Problem to work on – Reproduce the records below exactly; the images should not appear.

(Short web captions)
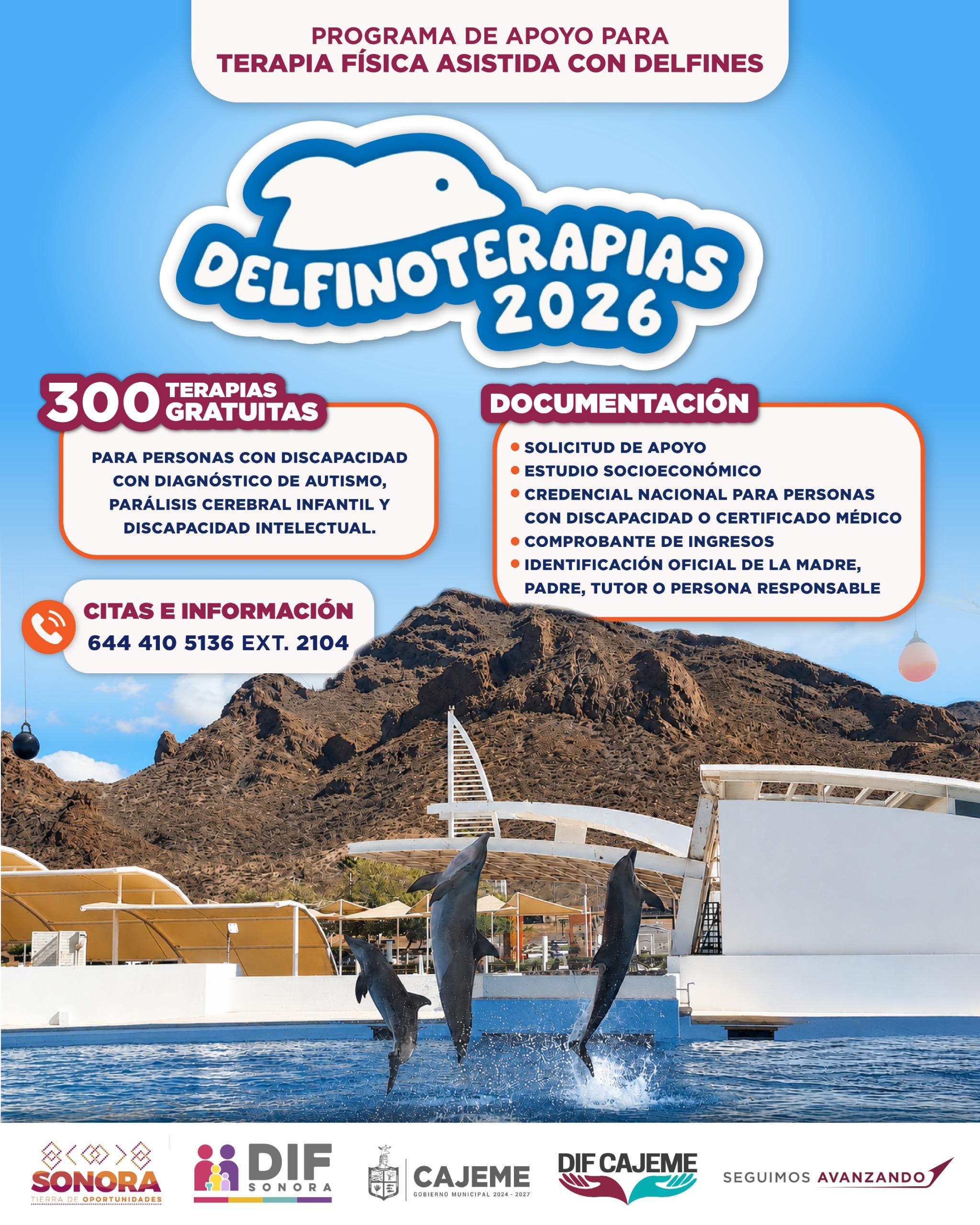 DIF CAJEME ABRE CONVOCATORIA PARA EL PROGRAMA ‘DELFINOTERAPIAS 2026’ CON 300 TERAPIAS GRATUITAS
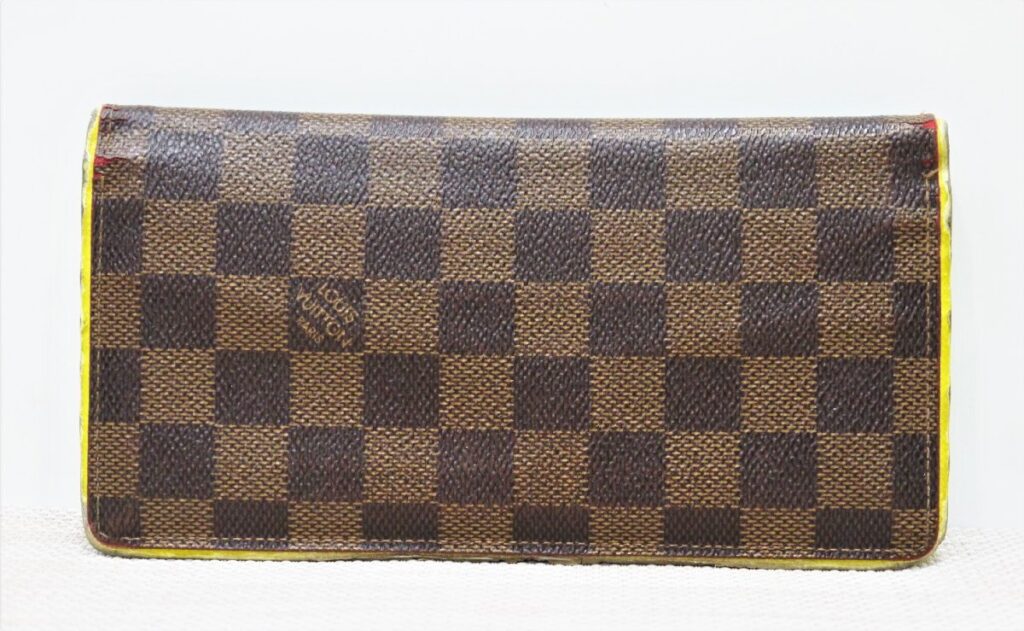 正規品 ヴィトン 財布 長財布 ダミエ ポルトフォイユ ブラザ ジョーヌ ネオンイエロー 蛍光 黄色 金具 シルバー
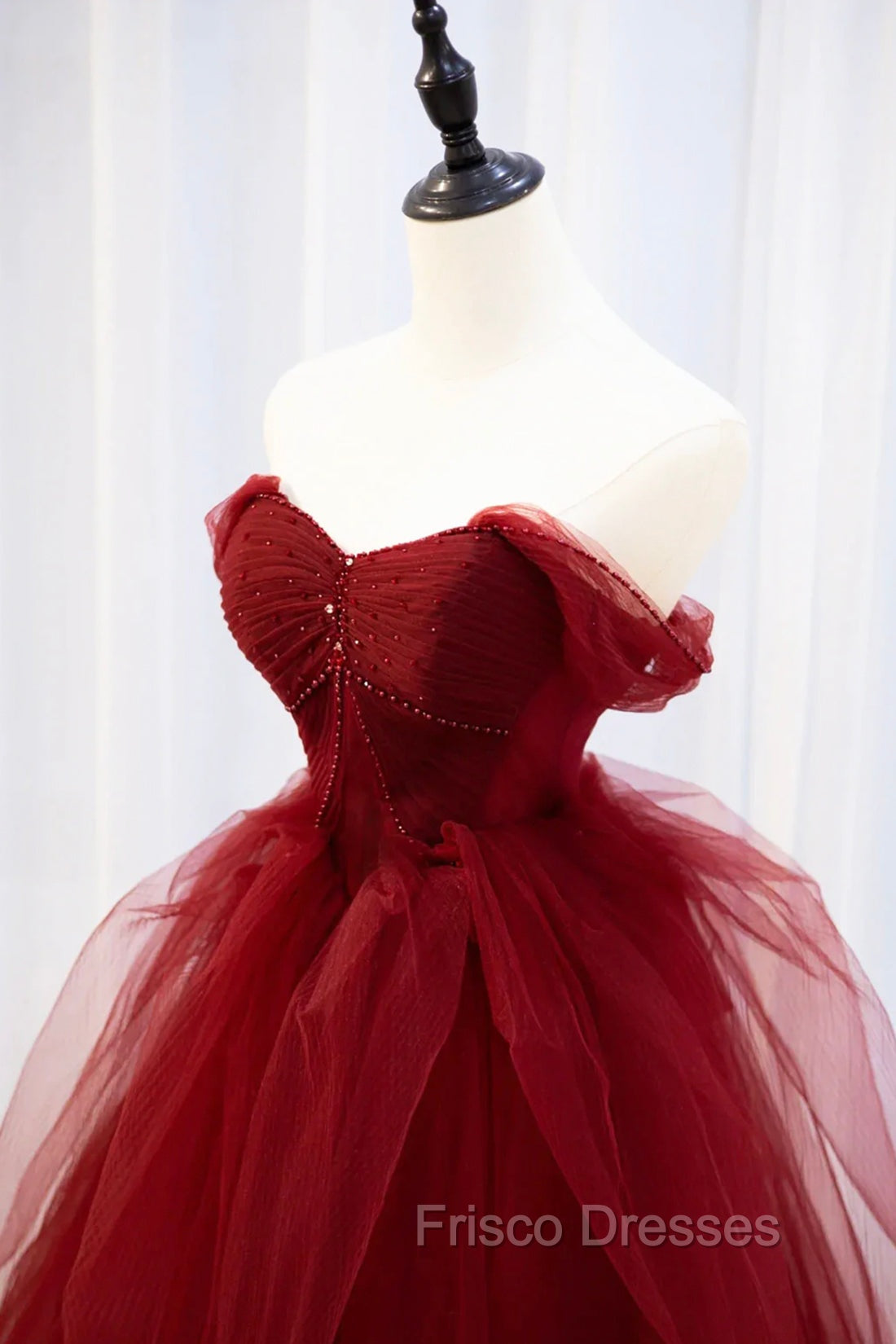 Burgundy Tulle Long Formal Prom Dress with Beaded, Burgundy Off Shoulder Evening Dress Secondary image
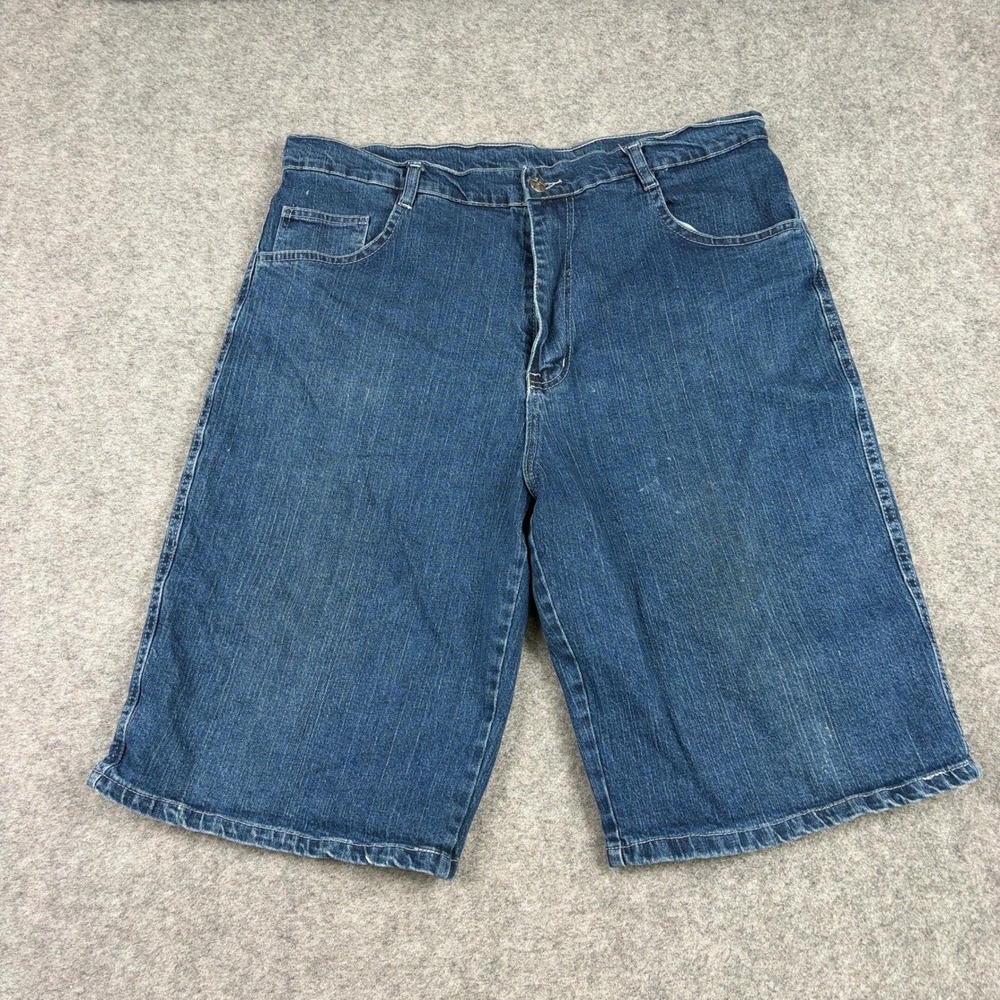 Denim‎ Jorts Mens 42 Dark Wash Baggy Star Button Y2K Skate Shorts Wide Leg Surf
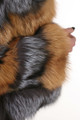 Multicolor Fox Fur Coat Low Cut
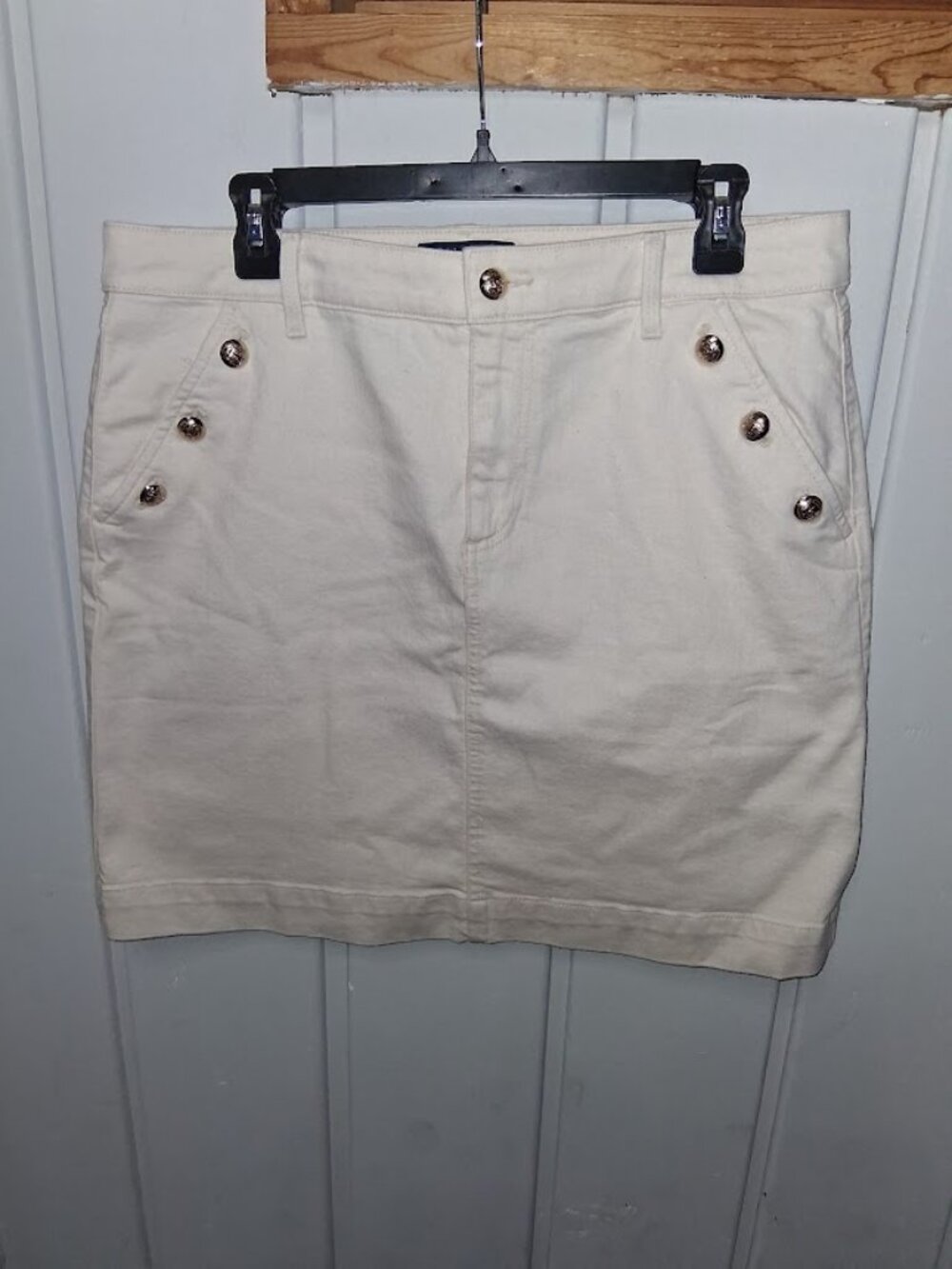 Talbots Simply Flattering Ivory Denim Sailor Button Mini Skirt NWT Sz 14P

Solution –
 DIF CAJEME ABRE CONVOCATORIA PARA EL PROGRAMA ‘DELFINOTERAPIAS 2026’ CON 300 TERAPIAS GRATUITAS
 正規品 ヴィトン 財布 長財布 ダミエ ポルトフォイユ ブラザ ジョーヌ ネオンイエロー 蛍光 黄色 金具 シルバー
 Burgundy Tulle Long Formal Prom Dress with Beaded, Burgundy Off Shoulder Evening Dress Secondary image
 Denim‎ Jorts Mens 42 Dark Wash Baggy Star Button Y2K Skate Shorts Wide Leg Surf
 Multicolor Fox Fur Coat Low Cut
 Talbots Simply Flattering Ivory Denim Sailor Button Mini Skirt NWT Sz 14P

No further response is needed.